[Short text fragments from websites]
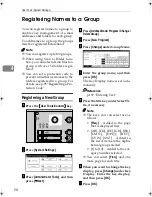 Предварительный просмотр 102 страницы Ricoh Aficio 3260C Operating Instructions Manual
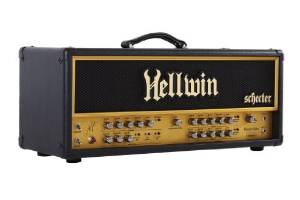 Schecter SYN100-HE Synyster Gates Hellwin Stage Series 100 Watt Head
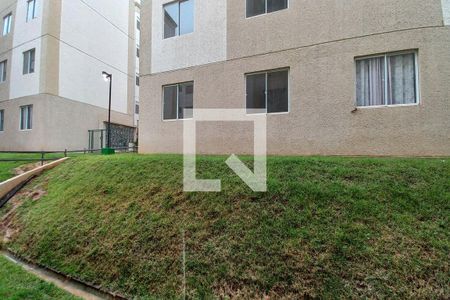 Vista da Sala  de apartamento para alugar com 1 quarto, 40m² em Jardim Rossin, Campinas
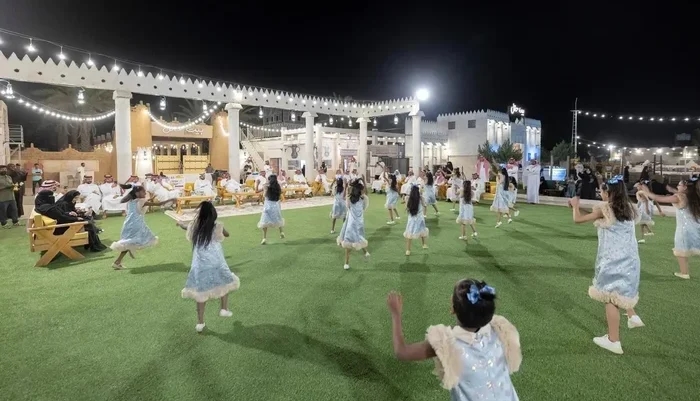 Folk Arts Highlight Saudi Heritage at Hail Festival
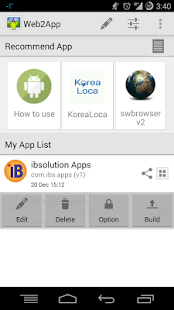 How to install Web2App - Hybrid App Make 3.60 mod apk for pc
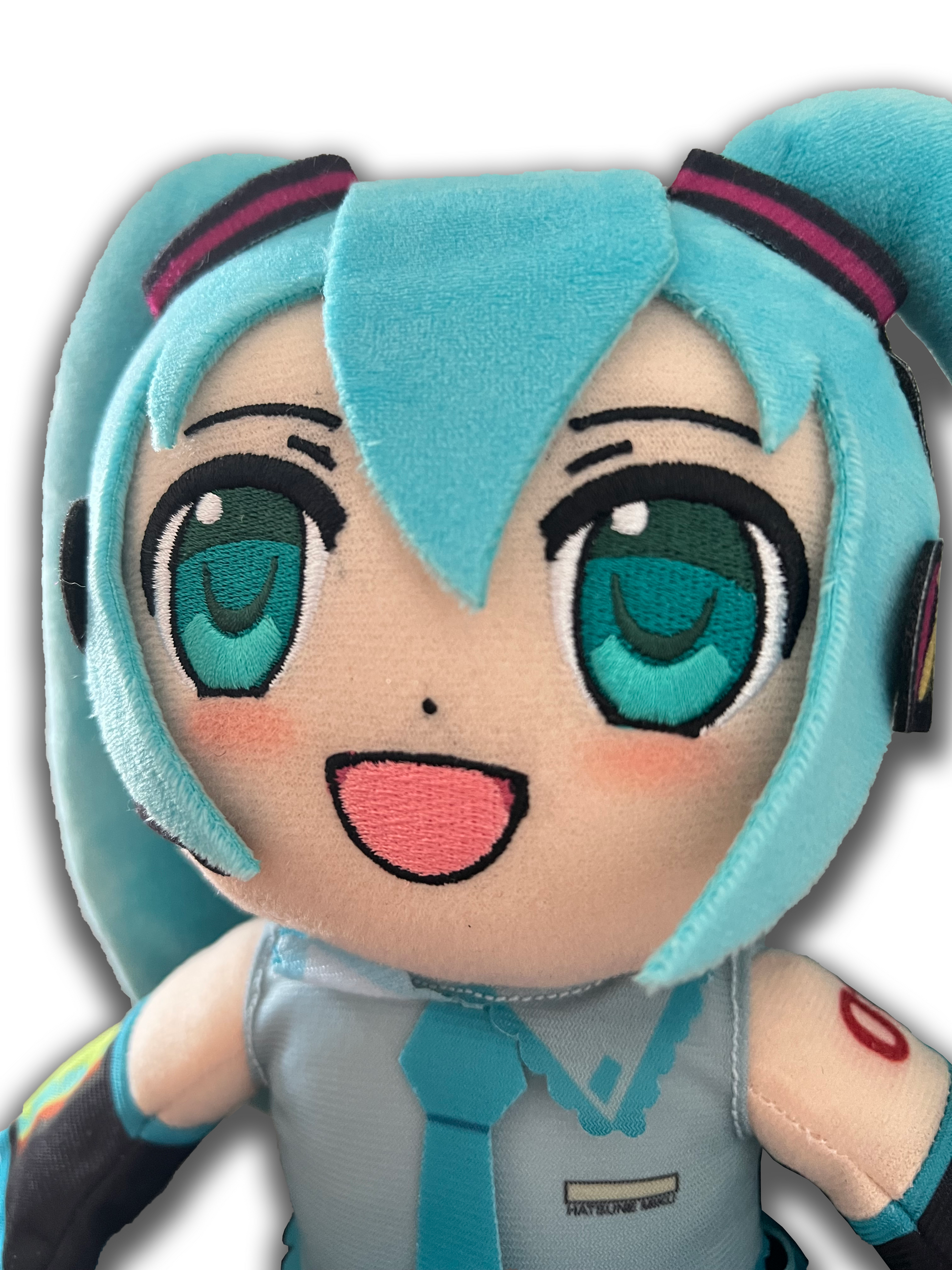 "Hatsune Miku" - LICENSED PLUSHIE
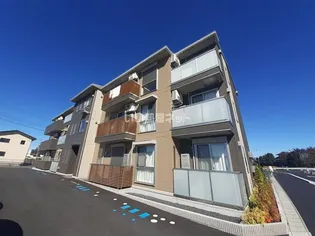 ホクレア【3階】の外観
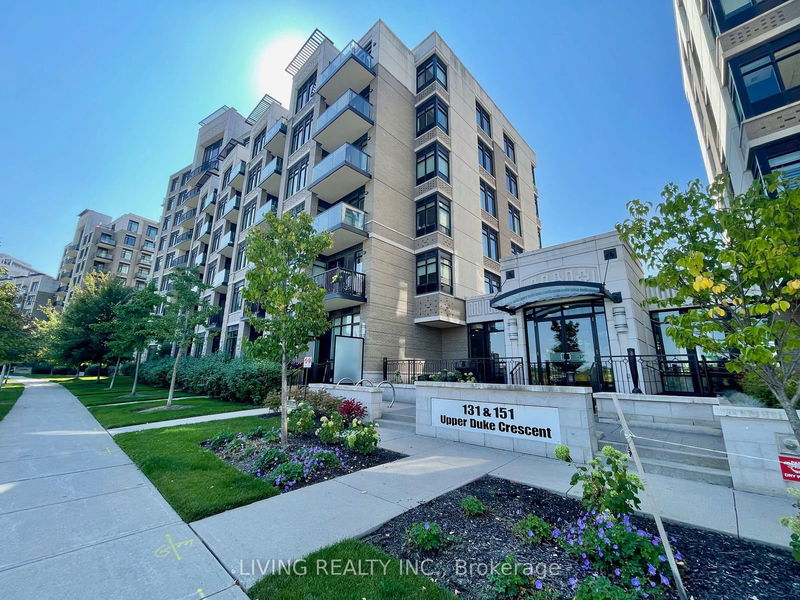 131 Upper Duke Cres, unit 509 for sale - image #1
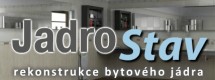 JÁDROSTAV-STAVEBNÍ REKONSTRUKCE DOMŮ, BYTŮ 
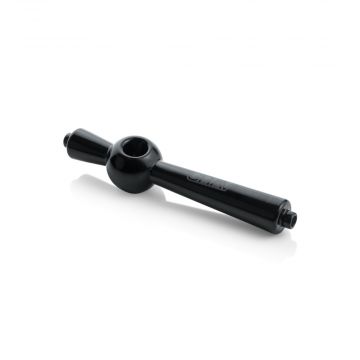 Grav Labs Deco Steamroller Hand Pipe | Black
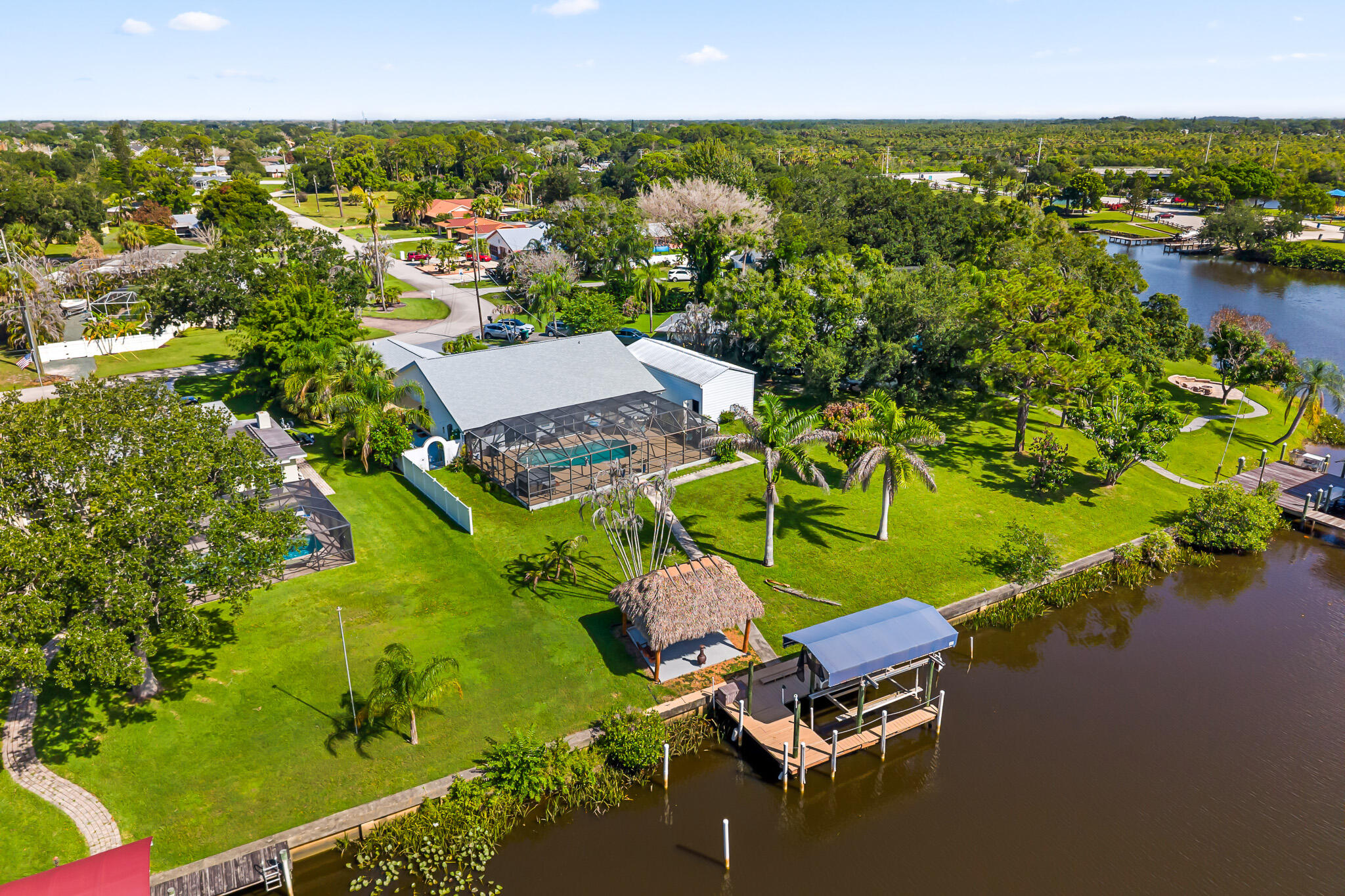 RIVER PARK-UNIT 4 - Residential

**ASSIGNMENT:**
Repeat the data exactly. No pictures should appear.

**EXERCISE ANSWER:**
 Предварительный просмотр 102 страницы Ricoh Aficio 3260C Operating Instructions Manual
 Schecter SYN100-HE Synyster Gates Hellwin Stage Series 100 Watt Head
 Vista da Sala  de apartamento para alugar com 1 quarto, 40m² em Jardim Rossin, Campinas
 Folk Arts Highlight Saudi Heritage at Hail Festival
 How to install Web2App - Hybrid App Make 3.60 mod apk for pc
 "Hatsune Miku" - LICENSED PLUSHIE
 ホクレア【3階】の外観
 131 Upper Duke Cres, unit 509 for sale - image #1
 JÁDROSTAV-STAVEBNÍ REKONSTRUKCE DOMŮ, BYTŮ 
 Grav Labs Deco Steamroller Hand Pipe | Black
 RIVER PARK-UNIT 4 - Residential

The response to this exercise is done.